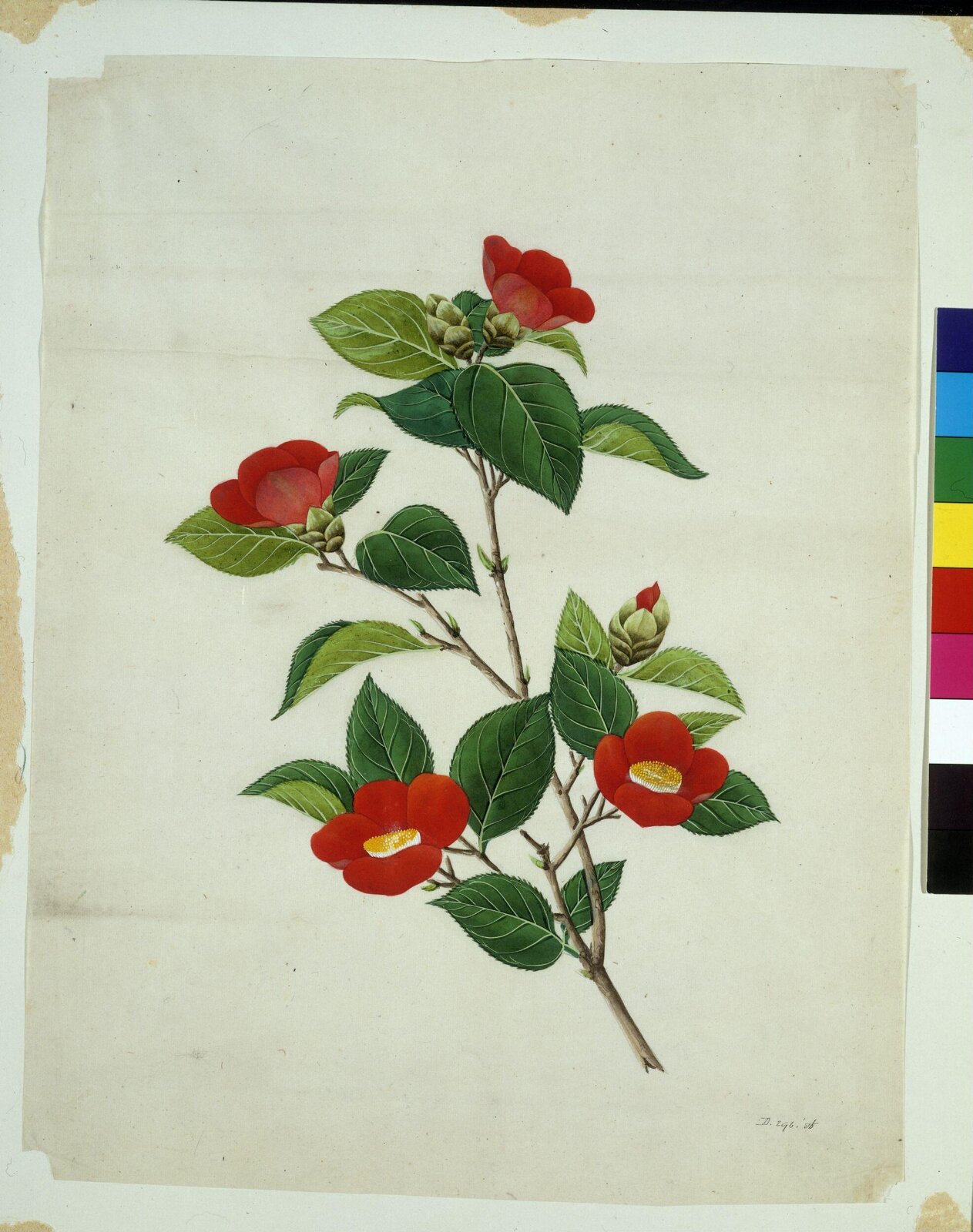Camellia, 1800-1830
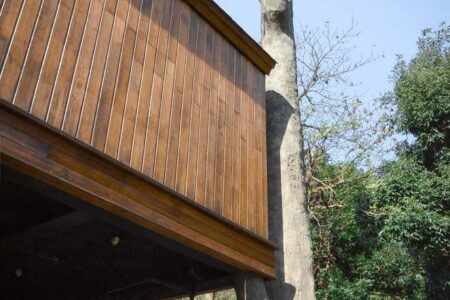 Cabañas en los árboles. Resort. Arquitectura y naturaleza | shembo_resort roomdiseno7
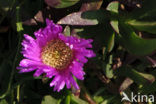 Hottentot fig (Carpobrotus edulis)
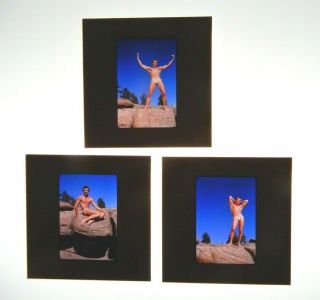 Vintage Male Nude,  3 Color Slides,  Western Photography Guild,  Wpg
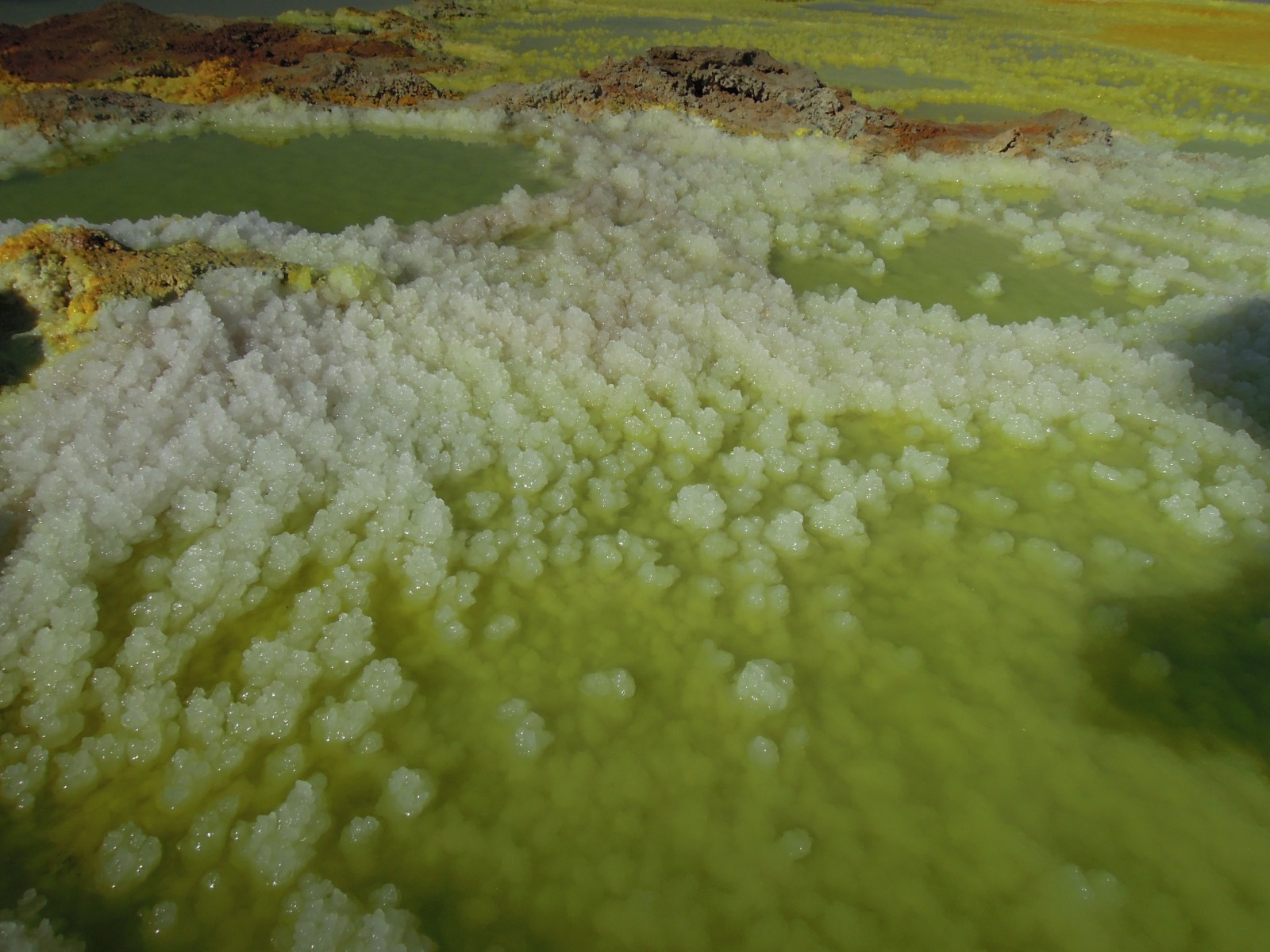 Danakil depression - Dallol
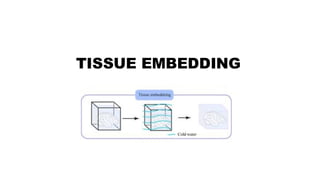Clinical Laboratory Technology - Tissue collection and processing | PDF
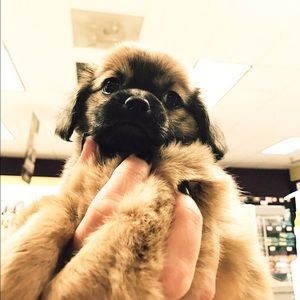 Meet your Posher, Jessica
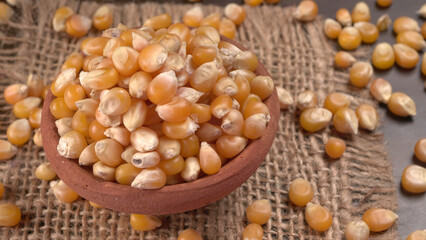 Raw Corn Seeds or Corn kernels are from Maize is a grain, and the kernels are used in cooking as a vegetable or a source of starch.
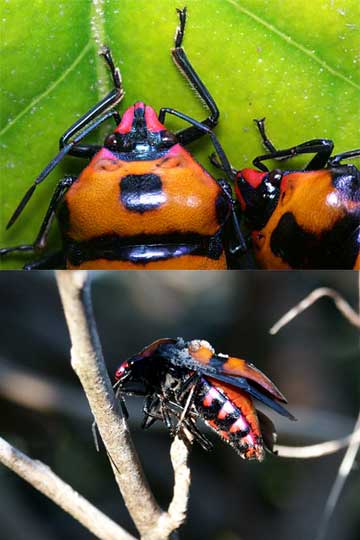 モズのはやにえになったオオキンカメムシ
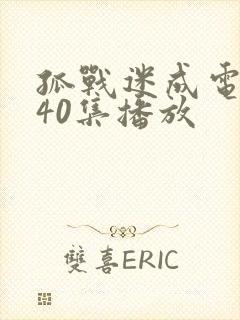 孤战迷成电视剧40集播放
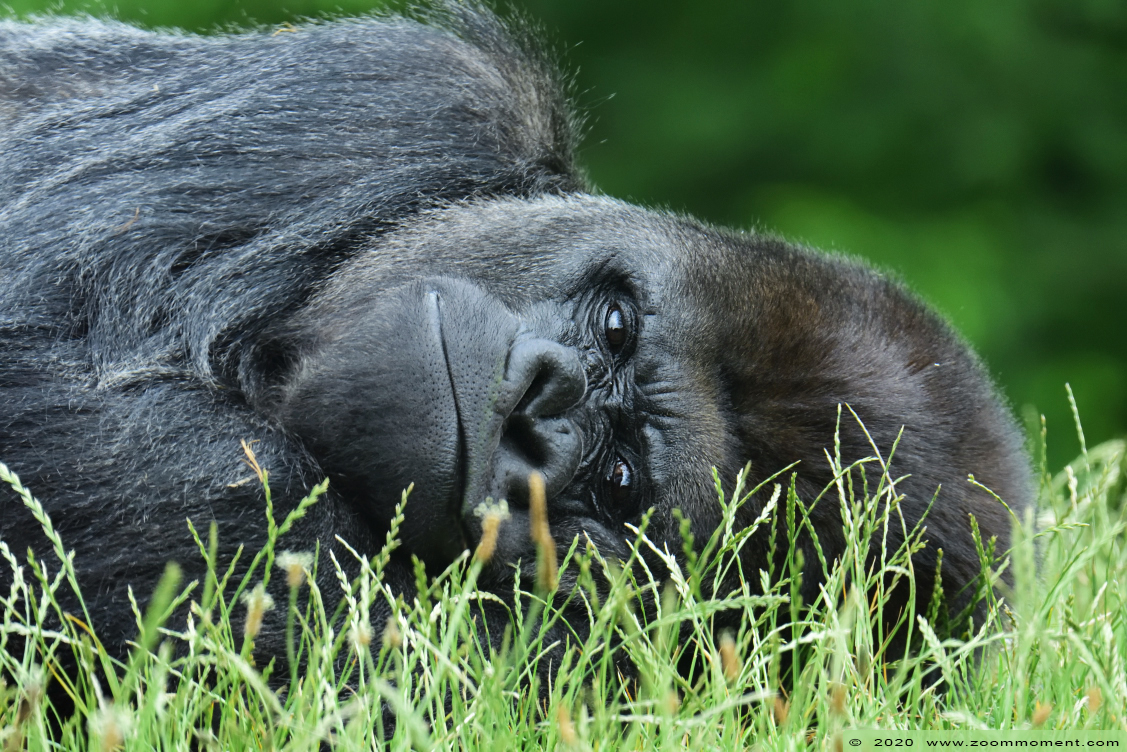Westelijke laagland gorilla ( Gorilla gorilla )
Makula
Trefwoorden: Gaiapark Kerkrade Gorilla gorilla Makula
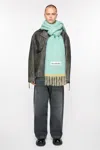 Acne Studios Wool Mohair Scarf - Narrow In Light Blue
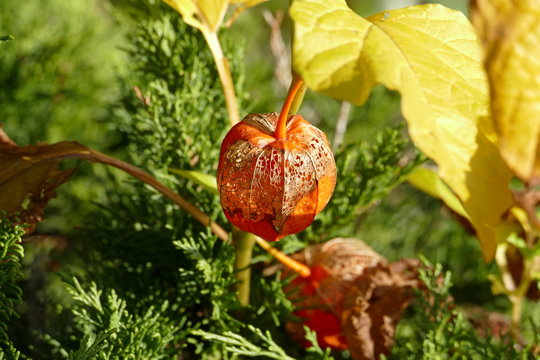 Einzelne Fruchth&uuml;lle der Lampionblume mit erkennbaren Blattrippen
────────────────────
● WORK REQUEST: Apply a filter for "Makula" to the entries and show each line that passes.

● SOLUTION TO THIS TASK:
Makula
Trefwoorden: Gaiapark Kerkrade Gorilla gorilla Makula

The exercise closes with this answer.